EXERCISE DETAILS
Return, from the data that follows, each line that holds the word "Today".

── EXTRACTED DATA ──

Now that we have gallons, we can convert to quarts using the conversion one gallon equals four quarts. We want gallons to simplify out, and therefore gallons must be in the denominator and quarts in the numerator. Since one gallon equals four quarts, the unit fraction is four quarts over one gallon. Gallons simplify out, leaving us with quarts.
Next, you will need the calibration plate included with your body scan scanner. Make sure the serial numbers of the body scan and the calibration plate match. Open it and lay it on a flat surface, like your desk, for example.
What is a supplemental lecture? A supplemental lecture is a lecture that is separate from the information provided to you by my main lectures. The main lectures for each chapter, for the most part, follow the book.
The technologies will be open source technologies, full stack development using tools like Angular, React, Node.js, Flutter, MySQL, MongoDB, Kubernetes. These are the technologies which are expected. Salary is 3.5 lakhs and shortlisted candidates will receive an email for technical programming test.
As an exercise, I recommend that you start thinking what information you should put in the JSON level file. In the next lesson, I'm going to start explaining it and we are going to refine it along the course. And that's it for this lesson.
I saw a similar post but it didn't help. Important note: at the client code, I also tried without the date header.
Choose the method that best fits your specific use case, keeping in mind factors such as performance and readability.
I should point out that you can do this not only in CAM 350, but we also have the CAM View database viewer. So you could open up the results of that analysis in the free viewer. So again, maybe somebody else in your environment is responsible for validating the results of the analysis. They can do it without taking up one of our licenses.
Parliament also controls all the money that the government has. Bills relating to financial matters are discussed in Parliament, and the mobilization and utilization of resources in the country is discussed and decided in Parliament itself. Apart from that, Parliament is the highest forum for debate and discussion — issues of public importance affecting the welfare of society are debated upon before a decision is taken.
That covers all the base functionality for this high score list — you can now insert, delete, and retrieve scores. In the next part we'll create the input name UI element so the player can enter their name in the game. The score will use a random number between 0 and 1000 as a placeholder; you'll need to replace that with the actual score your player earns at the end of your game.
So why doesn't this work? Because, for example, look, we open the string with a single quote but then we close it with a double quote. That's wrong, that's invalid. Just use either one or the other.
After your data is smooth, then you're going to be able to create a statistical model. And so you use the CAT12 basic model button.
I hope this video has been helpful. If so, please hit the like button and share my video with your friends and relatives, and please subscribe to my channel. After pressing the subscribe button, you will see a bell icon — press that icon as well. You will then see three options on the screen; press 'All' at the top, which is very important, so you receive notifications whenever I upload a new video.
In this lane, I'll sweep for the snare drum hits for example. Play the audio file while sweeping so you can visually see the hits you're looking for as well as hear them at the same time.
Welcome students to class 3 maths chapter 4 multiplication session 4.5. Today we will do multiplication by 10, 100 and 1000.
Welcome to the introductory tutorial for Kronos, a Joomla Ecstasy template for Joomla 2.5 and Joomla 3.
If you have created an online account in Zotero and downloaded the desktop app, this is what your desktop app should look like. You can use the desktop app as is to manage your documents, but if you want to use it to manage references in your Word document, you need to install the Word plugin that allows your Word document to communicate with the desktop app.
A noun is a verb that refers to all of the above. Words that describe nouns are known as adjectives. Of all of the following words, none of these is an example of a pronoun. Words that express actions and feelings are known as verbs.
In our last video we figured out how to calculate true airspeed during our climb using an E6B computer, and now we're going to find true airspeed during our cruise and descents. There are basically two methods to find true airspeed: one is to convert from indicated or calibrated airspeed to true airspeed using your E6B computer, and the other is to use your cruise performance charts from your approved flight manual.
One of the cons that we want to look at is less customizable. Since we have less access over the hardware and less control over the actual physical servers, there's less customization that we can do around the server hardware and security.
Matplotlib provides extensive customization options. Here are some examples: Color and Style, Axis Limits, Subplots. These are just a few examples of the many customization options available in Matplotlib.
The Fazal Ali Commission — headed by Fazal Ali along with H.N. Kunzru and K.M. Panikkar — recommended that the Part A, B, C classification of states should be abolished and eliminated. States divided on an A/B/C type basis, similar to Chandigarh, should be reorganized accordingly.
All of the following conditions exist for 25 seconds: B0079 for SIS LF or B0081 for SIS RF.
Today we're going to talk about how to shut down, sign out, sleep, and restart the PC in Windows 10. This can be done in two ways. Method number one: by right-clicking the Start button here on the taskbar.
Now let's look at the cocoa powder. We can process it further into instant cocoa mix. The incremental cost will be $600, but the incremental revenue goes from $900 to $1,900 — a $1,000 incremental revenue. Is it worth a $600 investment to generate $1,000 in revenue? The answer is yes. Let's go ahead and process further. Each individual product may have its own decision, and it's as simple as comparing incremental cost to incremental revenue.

───

WRITTEN ANSWER
Welcome students to class 3 maths chapter 4 multiplication session 4.5. Today we will do multiplication by 10, 100 and 1000.
Today we're going to talk about how to shut down, sign out, sleep, and restart the PC in Windows 10. This can be done in two ways. Method number one: by right-clicking the Start button here on the taskbar.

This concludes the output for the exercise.